Use the data_to_h5 function to parse this folder and automatically generate the .h5 dataset and corresponding .json dictionaries:

from libs_transfer.prepare_data import data_to_h5

# This generates spectra.h5, atm_dict.json, perc_dict.json, and label_dict.json
data_to_h5(in_path='./raw_data_folder', out_folder='./processed_data')

Preparing the Concentration Predictors (CNN)

To evaluate how well the ACVAE transfers spectra between conditions, the pipeline requires baseline CNN models to predict chemical concentrations.

Ensure you have a Concentrations.xlsx file saved in your processed data folder. The first row should contain the element names (e.g., SIO2, AL2O3), and the first column should contain the sample names matching your .txt files.

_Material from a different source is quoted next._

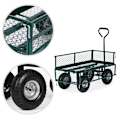 Miniatyrbillede 7 af 8: Havetransportvogn, 200 kg, åbne sidepaneler, store oppustelige hjul, MultiGarden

Run the CNN training script. The script will automatically discover every Atmosphere + Energy combination in your .h5 file and train a specific CNN for each one.

from libs_transfer.training.CNN_conc_baseline import train_concentration_predictors

# Trains and saves a CNN and standard scaler for EVERY condition in spectra.h5
train_concentration_predictors(
    epochs=40, 
    batch_size=128, 
    data_folder='./processed_data'
)

After running this, your data folder will be populated with files like CNN_EARTH_50_state_dict.pth and conc_std_EARTH_50.joblib.

Training the ACVAE Model

Once your .h5 data and baseline CNNs are prepared, training the ACVAE is entirely automated.

The refactored train_acvae_pipeline will automatically:

Load your .h5 file and metadata dictionaries.

Detect all available conditions and load the corresponding CNN predictors.

Dynamically generate permutations for every possible transfer direction (e.g., VACUUM 100 $\rightarrow$ EARTH 50, EARTH 100 $\rightarrow$ EARTH 50, etc.).

Evaluate clustering accuracy, cosine similarity, and RMSE metrics on-the-fly.

from libs_transfer.training.discriminator_new_data import train_acvae_pipeline

# Start the automated training and evaluation pipeline
acvae_model = train_acvae_pipeline(
    data_path='./processed_data/spectra.h5', 
    data_dir='./processed_data/', 
    epochs=5, 
    batch_size=64,
    test_split=0.5
)

[!NOTE] If you need to drop a specific condition from training, you can modify the prepare_training_data call inside the pipeline script to pass exclude_id=X.

Using the Model

To use your trained model to transfer spectra between conditions, please refer to examples/transfer_spectra.py for reference on formatting inputs for the generator.

Project details


Download files

Download the file for your platform. If you're not sure which to choose, learn more about installing packages.

Source Distribution

libs_transfer-0.1.0.tar.gz (25.1 kB view details)

Uploaded Source

Built Distribution

If you're not sure about the file name format, learn more about wheel file names.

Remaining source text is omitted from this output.